← К описанию

Николай Полевой - «Евгений Онегин», роман в стихах. Сочинение Александра Пушкина



* * *

Свободная, пламенная муза, вдохновительница Пушкина, приводит в отчаяние диктаторов нашего Парнаса и оседлых критиков нашей словесности. Бедные! Только что успеют они уверить своих клиентов, что в силу такого или такого параграфа пиитики, изданной в таком-то году, поэма Пушкина не поэма и что можно доказать это по всем правилам полемики, новыми рукоплесканиями заглушается охриплый шепот их и всеобщий восторг заботит их снова приискивать доказательств на истертых листочках реченной пиитики![2]

В самом деле, на что это похоже? Довольно, что англинские критики не знали, что делать с Бейроном; неужели и русским придет такая же горькая участь от Пушкина? Уже и хвалить его они не смеют: кто боится попасть в кривотолки, кто говорит, что ничего сказать не может, кто просто отмалчивается[3]. – Но пока готовятся безмолвные громы их, поспешим разделить с нашими читателями радость о новом, счастливом событии па Парнасе нашем – о появлении нового поэтического произведения любимца всех русских читателей.

Давно уже с нетерпением ожидала публика «Онегина»; теперь отчасти и вполне удовлетворилось желание читателей: отчасти, ибо издана только первая глава этого поэтического романа; вполне, потому что издание «Онегина» положительно доказывает права Пушкина уже не просто на талант, но на что-то выше.

«Но что такое „Онегин“? – спросят критики. – Что за поэма, в которой есть главы, как в книге? По каким правилам она составлена? К какому роду принадлежит?»

«Онегин», милостивые государи, роман в стихах, следовательно, в романе позволяется употребить разделение на главы; правила, руководствовавшие поэта, заключаются в его творческом воображении; род, к которому принадлежит роман его, есть тот самый, к которому принадлежат поэмы Бейрона и Гете.

«Дон-Жуан» почитается одним из лучших и едва ли не лучшим произведением Бейрона. «Difficile est proprie communia dicere» [4], – сказал великий сей поэт, издавая «Дон-Жуана» [5]. Он чувствовал, как тяжело было ему бороться с своим предметом, и тем славнее был его подвиг, тем громче торжество.

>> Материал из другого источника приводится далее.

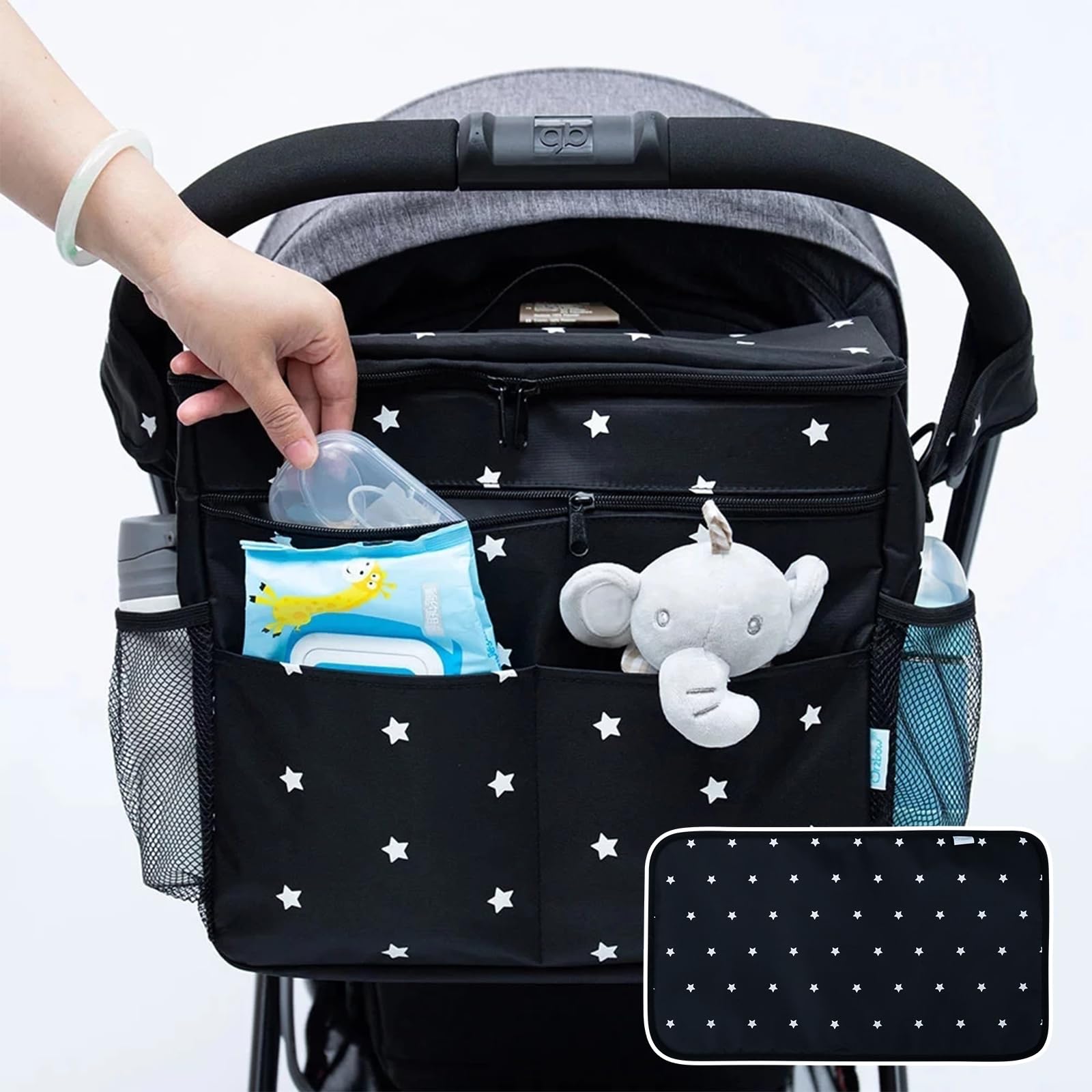 Orzbow Large Pram Bag, 22L Stoller Organiser with Cup Holder, Multifunctional Buggy Bag with Removable Divider, Universal Fit, Adjustable Shoulder Strap, Extra 2 Hooks & Changing Mat, Black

В угодность привязчивым Аристархам согласимся, что, по существу своему, поэму, подобную «Дон-Жуану» и «Беппо» [6], поэму, где нет постоянной завязки, хода действий, с начала ведомых к одной главной, ясной цели, где нет эпизодов, гладко вклеенных, нельзя назвать ни эпическою, ни дидактическою поэмою[7]; по это уже дело холодного рассудка приискивать на досуге, почему написанное не по известным правилам хорошо, и на всякий новый опыт поэзии прибирать лад и меру; не поэту же спрашивать у пиитиков, можно ли делать то или то! Его воображение летает, не спрашиваясь пиитик: падает он, тогда торжествуйте победу школьных правил; если же полет его изумляет, очаровывает сердца и души, дайте нам насладиться новыми торжеством ума человеческого: всякое новое приобретение Бейронов или Пушкиных делает и нам честь, ибо делает честь стране, которой он принадлежит, и веку, в котором живет.

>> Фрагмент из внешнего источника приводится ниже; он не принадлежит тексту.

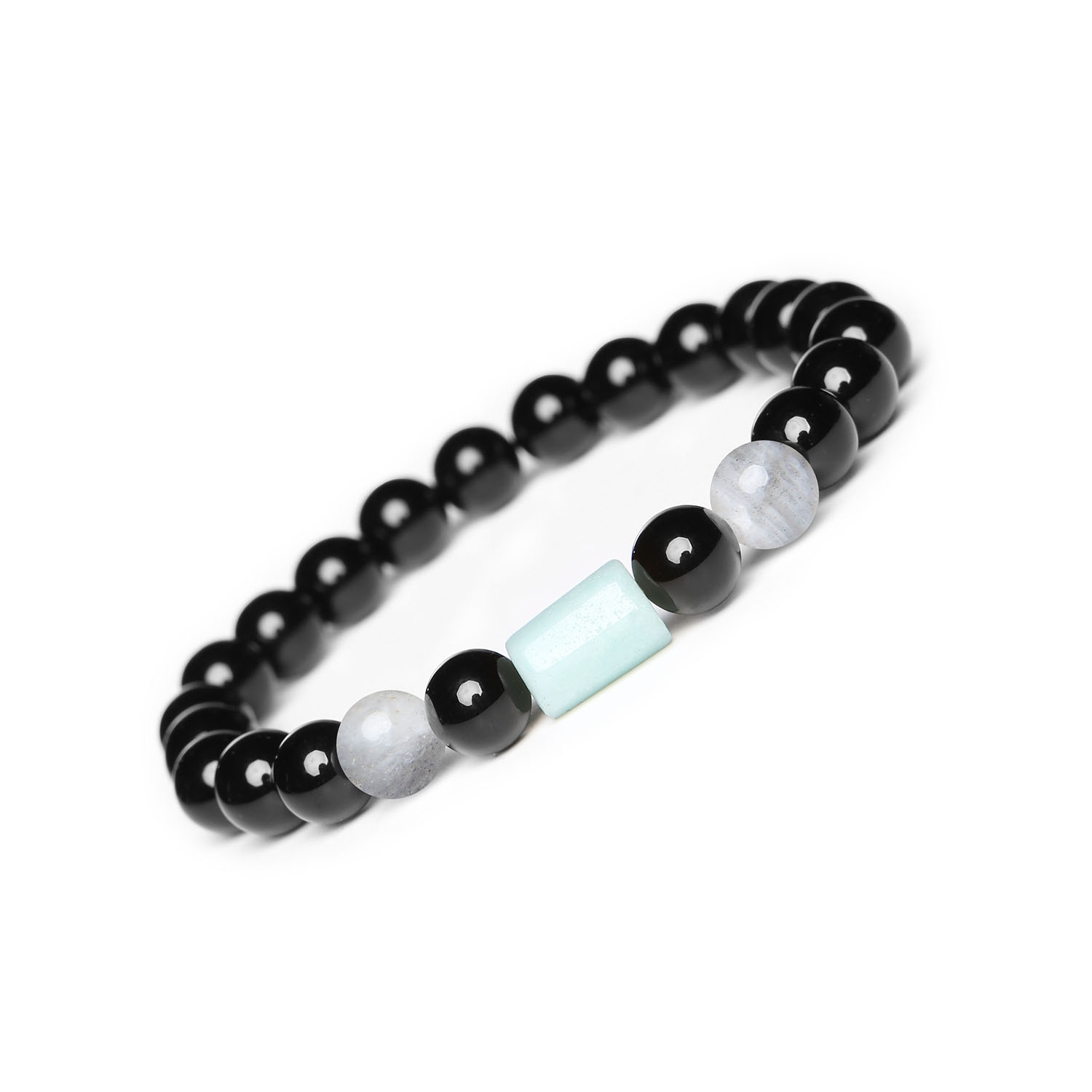 Kolekcja Laeri bransoletka na gumce z labradorytem, amazonitem i onyksiem idealna dla kobiet i mężczyzn Stylowa bransoletka Laeri wykonana z labradorytu, amazonitu i onyksu, doskonała biżuteria unisex.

То самое высокое наслаждение, в котором человек, упоенный очаровательным восторгом, не может, не смеет дать самому себе отчета в своих чувствах: все ограниченное, в наслаждениях эстетических, отвращает человека – и в неопределенном, неизъяснимом состоянии сердца человеческого заключена и тайна и причина так называемой романтической поэзии.

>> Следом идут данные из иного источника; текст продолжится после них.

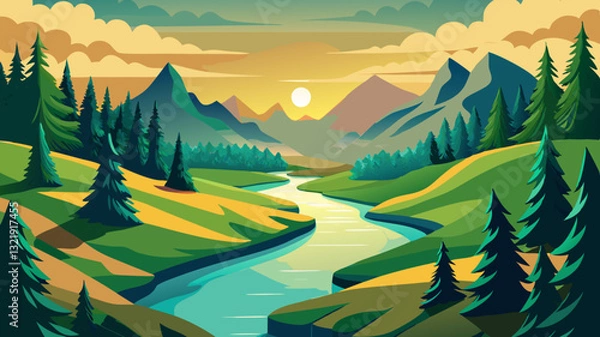 Fototapeta peaceful river winding through a dense green forest, reflecting the golden hues of sunrise.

Пушкин обещает своим критикам написать поэму в 25 песен, в которой будут выполнены все условия, предписанные покойным Баттё[8]. Тогда и мы обещаемся написать рецензию, которую начнем полным и обстоятельным разбором всех эпических поэм, исследуем все подробности, как-то: правильно ли превращение кораблей Энеевых в нимф; сколько раз должен был обежать Гектор Трою, чтобы утомить сына Пелеева; а кончим верными доказательствами, что никто из новых не сравнится даже и с Аполлонием Родосским[9]. Разумеется, что в таком случае не должно забывать избитых эпиграфов: vos exemplaria Graeca и проч. и проч.